5 Tax Tips Your Startup Should Consider Before 2013

5 Tax Tips Your Startup Should Consider Before 2013

As the looming “fiscal cliff” dominates the post-election news cycle, it’s hard to know what tax and financial moves make sense this time of year. In this environment, it’s understandable that startups and self-employed professionals are confused about the next steps.

However, when it comes to tax planning, paralysis isn’t an option. Here are five tax-saving ideas to consider. Of course, these tips represent general advice. Always consult with a tax planner/CPA for insight into your own personal situation.

 

1. Assess Your Profitability

Before making any strategic moves, you need to know if you’ll be in the black or the red for 2012. If you haven’t done so already, take charge of your books to get a full picture of what you’ve made and what you’ve spent for 2012.

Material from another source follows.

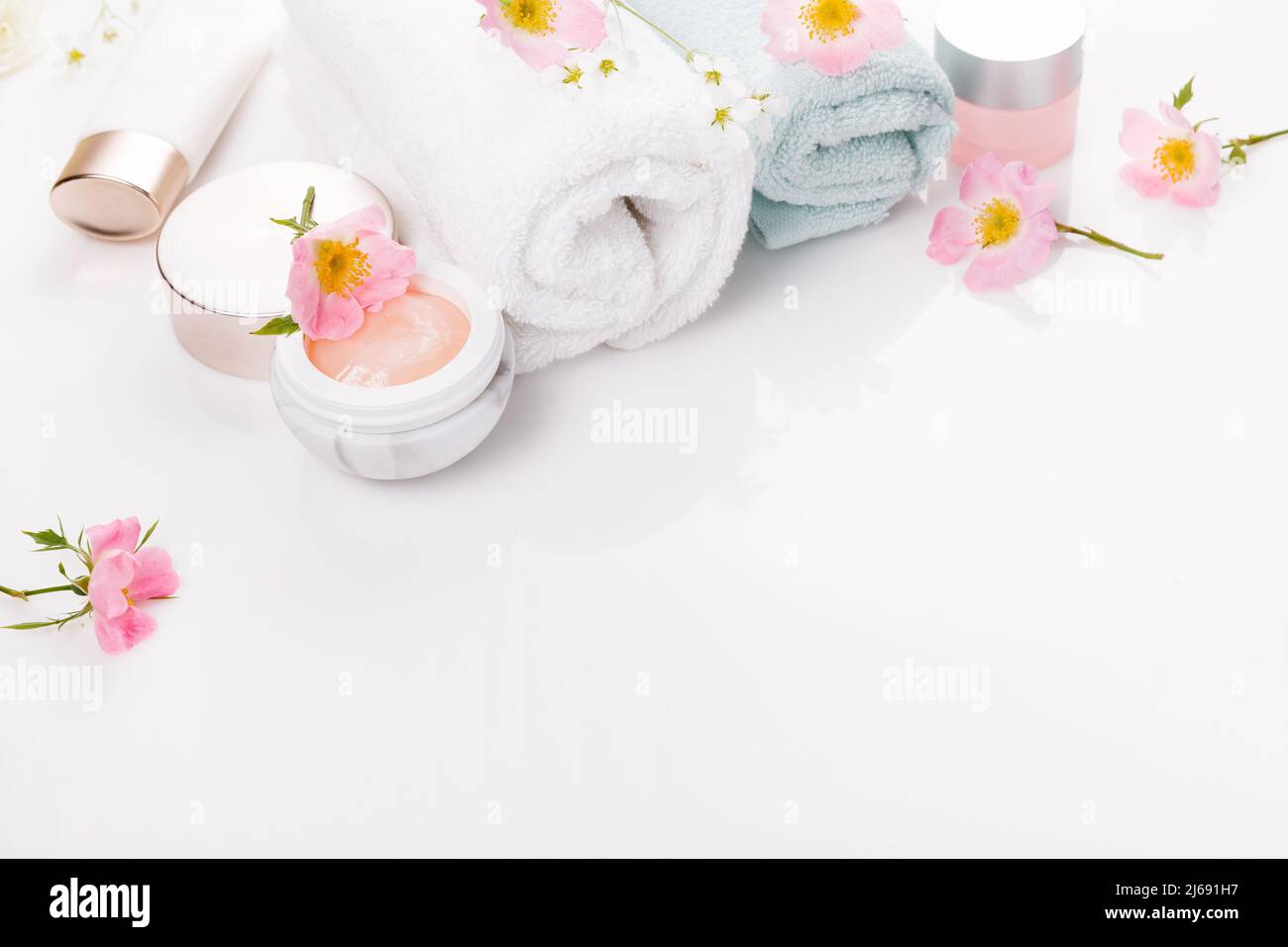 Concept beauté et spa. Serviette et cosmétiques de soin de la peau avec des hanches roses sur fond blanc. Pose à plat. Banque D'Images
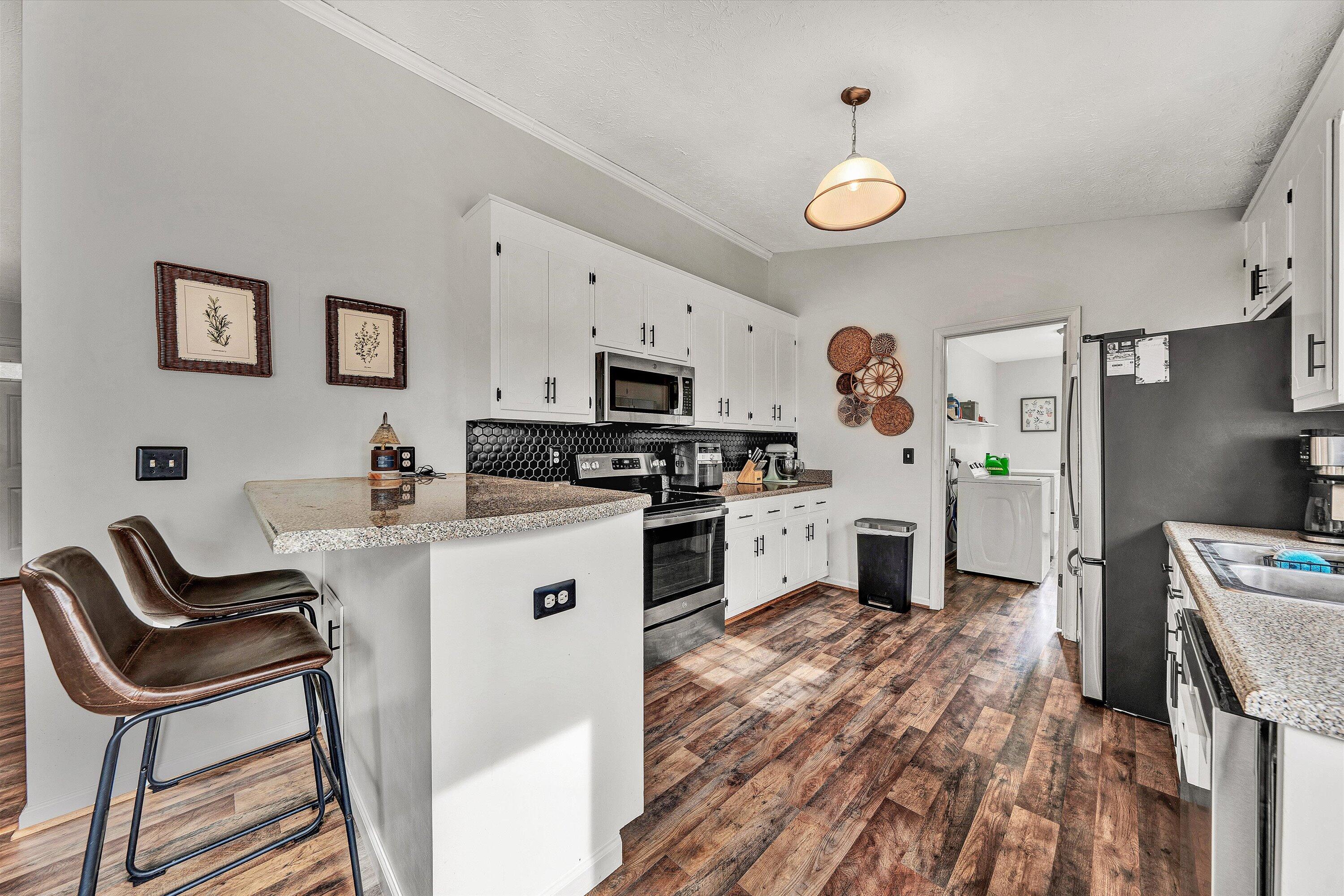 1188 Airport Road Moneta, VA 24121 - Photo 14 of 34 a kitchen with granite countertop a stove a sink a dining table and chairs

2. Meet With a Tax Advisor

Many tax credits and incentives are set to expire Jan. 1, 2013. According to Bert Seither, director of operations at Corporate Tax Network, the top thing a startup can do between now and the end of the year is to schedule an appointment with an accountant. A 30-minute checkup can save you a lot of money come tax time.

3. Act Before Long-Term Capital Gains and Qualified Dividend Tax Rates Increase

Without congressional action, the maximum tax rate on long-term capital gains will increase from 15% to 20%. The maximum tax rates for qualified dividends will jump from 15% to the ordinary income tax rate (39.6%). For this reason, you should talk to a tax advisor about how to take advantage of 2012’s lower tax rates.

4. Act Quickly to Close and Liquidate Your Business

If you’re planning to liquidate a business, make sure to do so by the end of 2012. By closing your business this year, you won’t be on the hook for any taxes, business licenses or corporation filing fees for 2013. And most importantly, you’ll be liquidating your business before the long-term capital gain and dividend rates go up (or are scheduled to go up) in 2013.

5. Minimize Self-Employment Taxes

If you’re a self-employed pro operating as a sole proprietor, you’re probably very familiar with self-employment taxes. If you’re a sole proprietor, you may want to consider a more formal structure such as an LLC or corporation by the end of the year. Sole proprietorships can have one of the highest audit rates, not to mention some of the highest taxes. Forming an LLC or corporation can give you more flexibility with your tax treatment, as well as give you more deduction options. Talk to a tax advisor about creating a C Corporation, S Corporation or LLC.